Friday 2 January 2009

Ecology and Economic Development

Cover of the booklet “A Change of Climate is Necessary”, produced by ZSP Warsaw. Copiest are available to Polish-speaking comrades. Write to:

In December the conference UN Climate Change Conference COP14 took place in Poland. Some members of ZSP took part in a demonstration and gave out leaflets explaining why we believe that the whole socio-economic system must be changed. The event provided an opportunity to explore some issues. There were critical texts published which unfortunately did not result in the intended debate in the ecological or labour movements, but rather in the different fractions of the anarchist movement. The former movements decided to ignore the arguments made and some declined requests for debate, which is one way to treat a challenge – to pretend it is not worth answering.

Among the issues brought up were the interconnections between capitalism, state capitalism and viewing the planet and people as instruments for creating wealth and whether or not change could be made by lobbying the existing system or by supporting the electoral ambitions of the Green Party.

It is important to note that some labour unions and part of the left are lobbying against limits on CO2 production since they feel this will hurt the economic potential of heavy industry in Poland. In particular, they are heavily defending the coal industry and thus are totally against Greenpeace’s anti-coal campaign.
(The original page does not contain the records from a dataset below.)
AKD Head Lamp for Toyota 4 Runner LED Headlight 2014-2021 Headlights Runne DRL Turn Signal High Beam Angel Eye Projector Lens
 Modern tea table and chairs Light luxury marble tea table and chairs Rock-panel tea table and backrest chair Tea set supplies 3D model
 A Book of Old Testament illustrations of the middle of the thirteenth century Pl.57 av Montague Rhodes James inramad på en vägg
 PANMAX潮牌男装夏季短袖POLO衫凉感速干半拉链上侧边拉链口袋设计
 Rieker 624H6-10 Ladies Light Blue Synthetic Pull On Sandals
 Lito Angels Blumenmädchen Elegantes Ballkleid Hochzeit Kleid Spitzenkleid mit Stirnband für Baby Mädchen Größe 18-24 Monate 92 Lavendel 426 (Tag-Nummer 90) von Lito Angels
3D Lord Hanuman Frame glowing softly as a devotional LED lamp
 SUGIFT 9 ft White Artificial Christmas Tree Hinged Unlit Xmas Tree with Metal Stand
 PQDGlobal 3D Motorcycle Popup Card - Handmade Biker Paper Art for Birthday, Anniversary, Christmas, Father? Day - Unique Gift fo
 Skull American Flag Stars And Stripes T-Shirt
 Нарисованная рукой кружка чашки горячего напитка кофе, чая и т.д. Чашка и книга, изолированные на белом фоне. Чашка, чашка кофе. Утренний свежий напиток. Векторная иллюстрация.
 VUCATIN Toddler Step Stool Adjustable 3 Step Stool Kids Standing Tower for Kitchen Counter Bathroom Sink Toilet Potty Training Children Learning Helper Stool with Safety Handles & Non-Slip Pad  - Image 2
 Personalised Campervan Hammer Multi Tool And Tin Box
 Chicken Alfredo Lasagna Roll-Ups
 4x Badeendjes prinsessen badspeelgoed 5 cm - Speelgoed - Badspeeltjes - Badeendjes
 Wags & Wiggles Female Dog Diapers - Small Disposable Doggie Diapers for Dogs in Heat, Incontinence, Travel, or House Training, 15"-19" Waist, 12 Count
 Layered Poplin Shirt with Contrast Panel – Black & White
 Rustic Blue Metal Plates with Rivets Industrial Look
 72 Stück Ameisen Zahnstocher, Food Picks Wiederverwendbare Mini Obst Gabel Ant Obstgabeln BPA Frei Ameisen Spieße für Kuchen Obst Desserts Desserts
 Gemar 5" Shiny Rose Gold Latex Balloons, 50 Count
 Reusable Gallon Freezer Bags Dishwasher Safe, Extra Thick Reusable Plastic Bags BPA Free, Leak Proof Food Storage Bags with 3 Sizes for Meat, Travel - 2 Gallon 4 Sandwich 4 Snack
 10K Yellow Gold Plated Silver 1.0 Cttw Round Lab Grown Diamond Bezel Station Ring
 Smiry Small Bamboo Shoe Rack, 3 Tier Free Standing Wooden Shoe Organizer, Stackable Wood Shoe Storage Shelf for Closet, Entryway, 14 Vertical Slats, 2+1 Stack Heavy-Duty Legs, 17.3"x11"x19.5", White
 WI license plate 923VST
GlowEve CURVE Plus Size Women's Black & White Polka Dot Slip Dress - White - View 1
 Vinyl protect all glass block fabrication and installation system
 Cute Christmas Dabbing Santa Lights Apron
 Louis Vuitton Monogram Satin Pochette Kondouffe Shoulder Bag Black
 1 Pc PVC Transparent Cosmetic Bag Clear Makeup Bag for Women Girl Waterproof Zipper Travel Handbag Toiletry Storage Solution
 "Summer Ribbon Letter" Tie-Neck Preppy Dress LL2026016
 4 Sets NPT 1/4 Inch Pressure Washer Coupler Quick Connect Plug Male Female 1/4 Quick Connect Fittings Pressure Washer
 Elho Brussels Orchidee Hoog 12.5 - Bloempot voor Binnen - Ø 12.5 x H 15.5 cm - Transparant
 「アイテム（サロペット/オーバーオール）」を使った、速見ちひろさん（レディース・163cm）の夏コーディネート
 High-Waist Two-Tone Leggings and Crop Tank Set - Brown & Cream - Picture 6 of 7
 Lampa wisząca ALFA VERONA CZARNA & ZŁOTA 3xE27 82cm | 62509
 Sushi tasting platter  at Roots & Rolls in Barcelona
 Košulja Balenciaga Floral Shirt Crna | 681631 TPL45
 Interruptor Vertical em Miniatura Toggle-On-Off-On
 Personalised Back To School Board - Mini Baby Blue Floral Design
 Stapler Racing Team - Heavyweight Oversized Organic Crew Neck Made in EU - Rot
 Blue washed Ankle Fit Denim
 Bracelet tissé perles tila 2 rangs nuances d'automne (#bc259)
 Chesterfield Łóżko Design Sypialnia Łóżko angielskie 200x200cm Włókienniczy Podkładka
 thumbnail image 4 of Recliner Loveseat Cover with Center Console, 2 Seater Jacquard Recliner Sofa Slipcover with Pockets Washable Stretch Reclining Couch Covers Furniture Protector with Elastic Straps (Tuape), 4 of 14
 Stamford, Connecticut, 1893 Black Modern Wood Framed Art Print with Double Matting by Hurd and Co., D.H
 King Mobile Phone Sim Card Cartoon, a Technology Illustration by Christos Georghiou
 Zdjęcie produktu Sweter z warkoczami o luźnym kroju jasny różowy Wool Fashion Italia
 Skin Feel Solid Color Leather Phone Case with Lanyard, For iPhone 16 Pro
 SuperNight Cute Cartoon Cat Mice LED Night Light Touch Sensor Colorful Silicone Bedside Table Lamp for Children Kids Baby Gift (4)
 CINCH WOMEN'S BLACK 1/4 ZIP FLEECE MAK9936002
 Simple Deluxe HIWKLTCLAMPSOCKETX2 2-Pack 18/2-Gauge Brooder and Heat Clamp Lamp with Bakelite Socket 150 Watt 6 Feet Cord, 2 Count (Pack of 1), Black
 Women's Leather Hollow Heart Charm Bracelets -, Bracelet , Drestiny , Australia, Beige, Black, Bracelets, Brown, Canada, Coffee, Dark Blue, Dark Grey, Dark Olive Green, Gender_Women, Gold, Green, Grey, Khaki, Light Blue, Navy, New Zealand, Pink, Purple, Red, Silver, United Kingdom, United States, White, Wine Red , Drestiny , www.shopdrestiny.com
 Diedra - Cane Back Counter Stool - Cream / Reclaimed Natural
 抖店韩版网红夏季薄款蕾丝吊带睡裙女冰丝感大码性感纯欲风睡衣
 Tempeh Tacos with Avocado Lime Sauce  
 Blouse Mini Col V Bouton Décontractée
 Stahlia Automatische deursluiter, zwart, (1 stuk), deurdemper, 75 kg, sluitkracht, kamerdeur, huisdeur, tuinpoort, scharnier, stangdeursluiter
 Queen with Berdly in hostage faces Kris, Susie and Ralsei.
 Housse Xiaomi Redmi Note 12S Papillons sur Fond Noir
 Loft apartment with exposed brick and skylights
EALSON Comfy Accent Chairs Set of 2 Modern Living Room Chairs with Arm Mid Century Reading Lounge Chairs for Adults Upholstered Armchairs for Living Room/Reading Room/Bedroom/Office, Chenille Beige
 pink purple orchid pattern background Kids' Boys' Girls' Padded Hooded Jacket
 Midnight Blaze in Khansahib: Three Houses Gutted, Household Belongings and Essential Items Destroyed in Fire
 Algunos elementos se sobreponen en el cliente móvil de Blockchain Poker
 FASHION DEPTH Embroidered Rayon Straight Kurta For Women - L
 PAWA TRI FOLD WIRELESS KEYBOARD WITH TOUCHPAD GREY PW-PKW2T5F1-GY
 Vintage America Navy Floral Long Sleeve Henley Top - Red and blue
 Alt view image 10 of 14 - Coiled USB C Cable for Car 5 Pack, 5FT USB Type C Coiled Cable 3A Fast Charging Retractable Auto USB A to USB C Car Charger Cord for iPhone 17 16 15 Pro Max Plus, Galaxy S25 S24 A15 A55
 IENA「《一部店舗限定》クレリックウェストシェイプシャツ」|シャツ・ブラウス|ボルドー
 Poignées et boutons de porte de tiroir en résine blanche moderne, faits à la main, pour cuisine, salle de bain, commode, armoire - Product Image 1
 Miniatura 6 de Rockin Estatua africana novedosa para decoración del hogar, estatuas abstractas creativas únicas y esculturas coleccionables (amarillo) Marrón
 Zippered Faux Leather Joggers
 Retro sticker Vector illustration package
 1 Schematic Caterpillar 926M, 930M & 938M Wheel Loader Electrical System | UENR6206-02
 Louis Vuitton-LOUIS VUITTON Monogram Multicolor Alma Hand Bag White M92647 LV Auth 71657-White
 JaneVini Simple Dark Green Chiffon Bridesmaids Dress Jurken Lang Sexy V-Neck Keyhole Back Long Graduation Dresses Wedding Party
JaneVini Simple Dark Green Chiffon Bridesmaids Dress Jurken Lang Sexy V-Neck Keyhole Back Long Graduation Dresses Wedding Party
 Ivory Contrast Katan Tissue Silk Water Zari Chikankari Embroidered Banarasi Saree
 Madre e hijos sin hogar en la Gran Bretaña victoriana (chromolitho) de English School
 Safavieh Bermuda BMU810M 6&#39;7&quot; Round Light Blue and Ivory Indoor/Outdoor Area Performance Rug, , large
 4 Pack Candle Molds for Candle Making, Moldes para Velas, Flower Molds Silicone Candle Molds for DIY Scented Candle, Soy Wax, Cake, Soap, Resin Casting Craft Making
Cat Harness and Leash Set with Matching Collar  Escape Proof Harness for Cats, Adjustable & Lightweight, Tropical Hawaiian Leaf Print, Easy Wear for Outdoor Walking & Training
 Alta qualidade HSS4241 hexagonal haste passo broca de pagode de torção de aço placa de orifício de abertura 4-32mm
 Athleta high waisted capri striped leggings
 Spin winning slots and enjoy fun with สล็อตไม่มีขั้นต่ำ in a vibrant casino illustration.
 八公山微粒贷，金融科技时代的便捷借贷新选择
The “coal miner” issue inspired an interesting debate amongst anarchists. In the course of the debate I had occasion to refer to many classical ideas of anarchism which have either been forgotten by the movement or never made their way into the discussion in modern times. (For example, some basic works of anarchism which may provide interesting approaches to the issues have never been published in Polish.) We were all reminded of the fact that the anarchist movement has long proposed creating safe workplaces and limiting work which is hazardous or which negatively impacts on ecology and health to what is necessary. With different social and economic values, society can work together to explore safer technologies, more environmental solutions and to find ways of dividing the impact of dirty work in a more equitable manner. We mustn’t lose sight of this positive vision which we can offer or be afraid to offer a more complex view on the matter, which happens if we allow ourselves to get bogged down in a black and white debate. Some have been trying to reduce the issue as one of protecting jobs and suggest that people must oppose a reduction in coal use for this reason. But even reformist, single issue Greenpeace has acknowledged in reports, analyses and recommendations that there is a social cost in terms of coal miners jobs and they have tried to argue that since we bear many other costs as a society to deal with the impact of global warming, and since jobs are also lost as an effect of global warming we are better off investing in cleaner energy alternatives and creating jobs in those sectors. The anarchist movement must not duck this issue. We have something to propose which is much richer than the simplistic “defend coal to save miners’ job” approach.